■ **What you should do**
Please output the data below exactly as given, starting at its first line and stopping after the line that contains "Good morning students.".

■ **Data provided**

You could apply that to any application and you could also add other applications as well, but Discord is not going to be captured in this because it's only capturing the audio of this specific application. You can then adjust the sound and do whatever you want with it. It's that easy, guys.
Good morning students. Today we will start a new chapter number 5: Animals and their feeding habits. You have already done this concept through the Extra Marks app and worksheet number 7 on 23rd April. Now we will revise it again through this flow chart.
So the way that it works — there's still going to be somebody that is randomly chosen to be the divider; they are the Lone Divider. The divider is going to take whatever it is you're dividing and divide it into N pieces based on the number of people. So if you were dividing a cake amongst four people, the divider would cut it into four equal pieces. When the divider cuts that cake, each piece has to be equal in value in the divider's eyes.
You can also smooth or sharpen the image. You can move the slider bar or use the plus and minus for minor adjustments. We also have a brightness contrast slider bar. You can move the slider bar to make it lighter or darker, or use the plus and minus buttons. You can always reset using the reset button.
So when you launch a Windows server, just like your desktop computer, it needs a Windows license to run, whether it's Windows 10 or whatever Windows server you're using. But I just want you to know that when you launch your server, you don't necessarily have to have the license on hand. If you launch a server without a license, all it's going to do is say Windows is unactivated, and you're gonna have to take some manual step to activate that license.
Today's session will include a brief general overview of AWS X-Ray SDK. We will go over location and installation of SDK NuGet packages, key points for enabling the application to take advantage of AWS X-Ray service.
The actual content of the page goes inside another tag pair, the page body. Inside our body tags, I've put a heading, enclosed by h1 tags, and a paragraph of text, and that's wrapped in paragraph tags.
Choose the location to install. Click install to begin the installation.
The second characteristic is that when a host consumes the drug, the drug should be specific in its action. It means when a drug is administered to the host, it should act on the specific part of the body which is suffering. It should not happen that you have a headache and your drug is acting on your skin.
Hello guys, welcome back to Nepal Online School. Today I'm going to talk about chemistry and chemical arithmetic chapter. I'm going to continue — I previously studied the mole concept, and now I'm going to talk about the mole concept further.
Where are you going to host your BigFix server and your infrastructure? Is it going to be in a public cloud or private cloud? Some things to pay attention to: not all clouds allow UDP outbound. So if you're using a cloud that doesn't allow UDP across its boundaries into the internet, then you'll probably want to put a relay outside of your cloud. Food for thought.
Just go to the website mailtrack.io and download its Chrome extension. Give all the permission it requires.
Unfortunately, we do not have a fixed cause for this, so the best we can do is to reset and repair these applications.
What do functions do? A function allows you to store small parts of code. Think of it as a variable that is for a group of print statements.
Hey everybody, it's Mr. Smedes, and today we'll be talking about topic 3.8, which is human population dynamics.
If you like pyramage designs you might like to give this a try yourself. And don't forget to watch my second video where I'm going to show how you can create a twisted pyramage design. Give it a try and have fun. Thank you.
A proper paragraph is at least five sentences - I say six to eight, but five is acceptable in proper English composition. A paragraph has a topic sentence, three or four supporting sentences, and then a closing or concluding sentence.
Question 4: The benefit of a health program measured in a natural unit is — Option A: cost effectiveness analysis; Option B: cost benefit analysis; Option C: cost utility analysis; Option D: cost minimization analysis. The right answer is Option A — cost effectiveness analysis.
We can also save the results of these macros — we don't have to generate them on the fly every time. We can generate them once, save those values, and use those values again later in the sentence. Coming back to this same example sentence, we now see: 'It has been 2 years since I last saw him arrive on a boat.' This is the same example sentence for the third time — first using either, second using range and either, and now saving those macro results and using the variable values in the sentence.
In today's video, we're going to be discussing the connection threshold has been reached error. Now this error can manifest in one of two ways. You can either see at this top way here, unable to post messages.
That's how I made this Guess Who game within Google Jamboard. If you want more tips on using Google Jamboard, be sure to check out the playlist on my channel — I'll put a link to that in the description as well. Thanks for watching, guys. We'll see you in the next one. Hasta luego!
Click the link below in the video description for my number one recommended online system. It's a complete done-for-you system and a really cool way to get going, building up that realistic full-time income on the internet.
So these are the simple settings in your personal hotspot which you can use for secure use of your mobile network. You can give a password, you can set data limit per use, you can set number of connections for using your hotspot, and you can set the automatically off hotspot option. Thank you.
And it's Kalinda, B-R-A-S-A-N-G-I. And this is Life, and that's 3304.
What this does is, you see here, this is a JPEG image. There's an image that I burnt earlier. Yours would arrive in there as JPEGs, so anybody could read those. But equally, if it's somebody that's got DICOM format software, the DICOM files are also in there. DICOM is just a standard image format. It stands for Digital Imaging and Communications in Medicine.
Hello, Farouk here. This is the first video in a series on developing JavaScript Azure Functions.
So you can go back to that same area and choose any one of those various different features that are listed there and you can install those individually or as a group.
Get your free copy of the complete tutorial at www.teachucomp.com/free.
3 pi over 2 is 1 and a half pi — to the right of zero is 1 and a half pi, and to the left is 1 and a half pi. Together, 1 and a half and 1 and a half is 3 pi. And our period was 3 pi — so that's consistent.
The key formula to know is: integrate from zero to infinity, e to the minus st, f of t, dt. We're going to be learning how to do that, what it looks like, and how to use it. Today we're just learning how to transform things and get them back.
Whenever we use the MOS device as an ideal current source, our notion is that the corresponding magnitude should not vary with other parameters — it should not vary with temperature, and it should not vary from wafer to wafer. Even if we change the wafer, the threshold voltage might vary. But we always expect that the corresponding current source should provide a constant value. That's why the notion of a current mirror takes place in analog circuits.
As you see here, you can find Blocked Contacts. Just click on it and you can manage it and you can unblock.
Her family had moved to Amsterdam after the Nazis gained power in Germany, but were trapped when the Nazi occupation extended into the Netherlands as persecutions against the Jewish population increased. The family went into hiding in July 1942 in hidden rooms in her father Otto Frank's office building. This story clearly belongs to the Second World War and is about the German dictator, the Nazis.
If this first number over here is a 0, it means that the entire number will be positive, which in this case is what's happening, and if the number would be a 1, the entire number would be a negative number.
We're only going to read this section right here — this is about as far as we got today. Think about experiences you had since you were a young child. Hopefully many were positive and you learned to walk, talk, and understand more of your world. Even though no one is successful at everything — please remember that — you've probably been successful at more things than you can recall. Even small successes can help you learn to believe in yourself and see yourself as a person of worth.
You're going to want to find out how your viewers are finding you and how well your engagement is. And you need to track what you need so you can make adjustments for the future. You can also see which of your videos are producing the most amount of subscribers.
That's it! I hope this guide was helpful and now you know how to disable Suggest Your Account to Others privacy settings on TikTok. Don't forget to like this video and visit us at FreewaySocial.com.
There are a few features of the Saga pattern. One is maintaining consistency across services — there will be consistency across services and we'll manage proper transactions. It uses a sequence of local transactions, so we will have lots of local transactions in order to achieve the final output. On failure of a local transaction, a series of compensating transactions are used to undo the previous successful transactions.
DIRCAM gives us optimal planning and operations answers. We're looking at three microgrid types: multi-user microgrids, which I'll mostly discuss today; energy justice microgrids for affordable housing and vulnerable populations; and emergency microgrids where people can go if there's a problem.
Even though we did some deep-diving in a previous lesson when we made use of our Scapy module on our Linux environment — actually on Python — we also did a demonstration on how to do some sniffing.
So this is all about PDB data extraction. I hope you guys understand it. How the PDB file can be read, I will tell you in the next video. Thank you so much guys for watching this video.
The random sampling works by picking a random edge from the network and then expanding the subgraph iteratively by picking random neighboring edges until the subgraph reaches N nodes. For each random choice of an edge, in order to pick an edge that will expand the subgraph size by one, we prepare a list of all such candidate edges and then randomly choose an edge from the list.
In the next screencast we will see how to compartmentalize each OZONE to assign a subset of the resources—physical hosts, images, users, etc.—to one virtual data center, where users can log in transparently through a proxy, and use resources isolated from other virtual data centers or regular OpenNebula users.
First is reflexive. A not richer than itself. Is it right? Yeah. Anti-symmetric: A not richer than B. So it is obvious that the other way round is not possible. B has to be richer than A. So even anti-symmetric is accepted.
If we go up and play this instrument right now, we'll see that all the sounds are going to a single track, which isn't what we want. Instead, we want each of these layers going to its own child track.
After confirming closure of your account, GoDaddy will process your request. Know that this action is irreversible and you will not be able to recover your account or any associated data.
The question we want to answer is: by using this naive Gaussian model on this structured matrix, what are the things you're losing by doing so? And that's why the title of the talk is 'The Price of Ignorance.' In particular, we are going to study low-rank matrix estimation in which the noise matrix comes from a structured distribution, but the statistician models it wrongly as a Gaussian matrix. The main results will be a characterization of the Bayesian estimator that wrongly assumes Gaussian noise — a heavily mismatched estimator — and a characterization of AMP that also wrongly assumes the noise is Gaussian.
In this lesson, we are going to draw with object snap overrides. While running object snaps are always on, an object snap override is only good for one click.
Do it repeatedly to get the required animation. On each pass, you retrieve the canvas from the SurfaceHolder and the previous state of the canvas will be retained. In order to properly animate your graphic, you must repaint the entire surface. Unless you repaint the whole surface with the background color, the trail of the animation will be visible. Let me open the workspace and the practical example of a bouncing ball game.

■ **Answer area**
You could apply that to any application and you could also add other applications as well, but Discord is not going to be captured in this because it's only capturing the audio of this specific application. You can then adjust the sound and do whatever you want with it. It's that easy, guys.
Good morning students. Today we will start a new chapter number 5: Animals and their feeding habits. You have already done this concept through the Extra Marks app and worksheet number 7 on 23rd April. Now we will revise it again through this flow chart.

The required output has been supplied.